In regards to ZFS, I was always under the impression that scheduled scrubs would detect data corruption and bit rot, and attempt to fix it.

My assmption so far...
Upon reading the (corrupted) record, if the generated checksum doesn't match the expected checksum, it is marked as a checksum error (i.e, "corrupted"). However, as long as there is some level of redundancy of the underlying devices, an automatic repair is possible, correct? For instance, if it's a mirrored vDev, there's a good copy of the record on the other devices(s), with which ZFS can use to re-write the record on the drive in question.

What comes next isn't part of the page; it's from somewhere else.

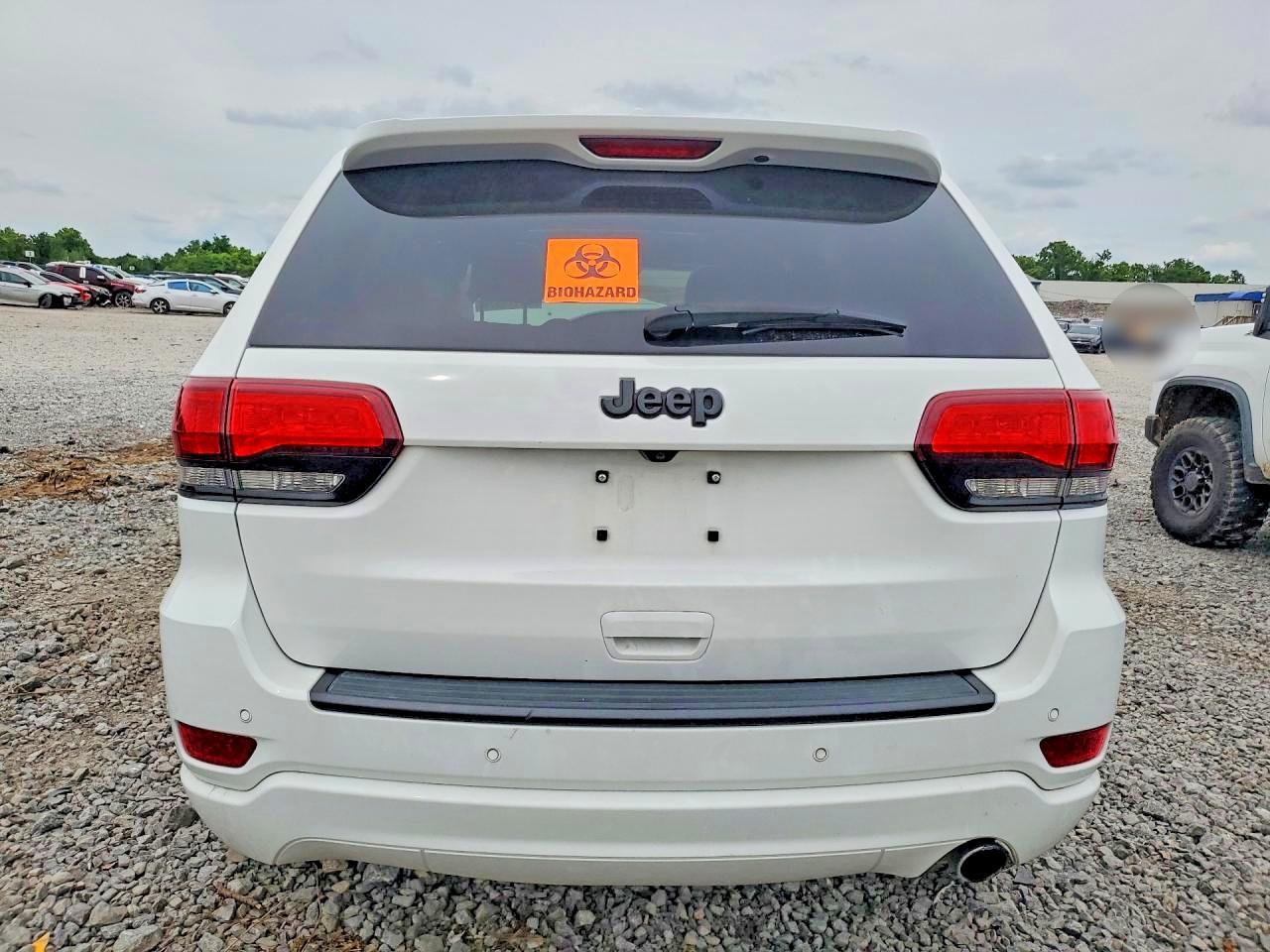 2019 Jeep Grand Cherokee Laredo - Image 6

Yet, according to this blog post by Jody Bruchon (originally written in 2017, updated in 2020),

I strongly advocate for people using what fits their specific needs, and two years ago, there was a strong ZFS fanatical element on r/DataHoarder that was aggressively pushing ZFS as a data integrity panacea that all people should use, but leaving out critical things like RAID-Z being required for automatic repair capabilities.

[...]

If you use ZFS, you have to use RAID-Z, otherwise you will get none of the advertised protection that ZFS offers other than detecting degraded data

[...]

It’s the same exact issue as ZFS without RAID-Z: you have ZFS checksums that can detect an integrity error but you have no way to fix it, so the data is still lost and backups are your only salvation.

[...]

My main point is that a lot of the information kicking around the internet about ZFS is misleading or lacking some critical points, i.e. RAID-Z being a requirement for ZFS automatic self-healing, arguably one of the most severe omissions in most ZFS evangelism, because what good is detecting bit rot if the rotten data is permanently lost anyway?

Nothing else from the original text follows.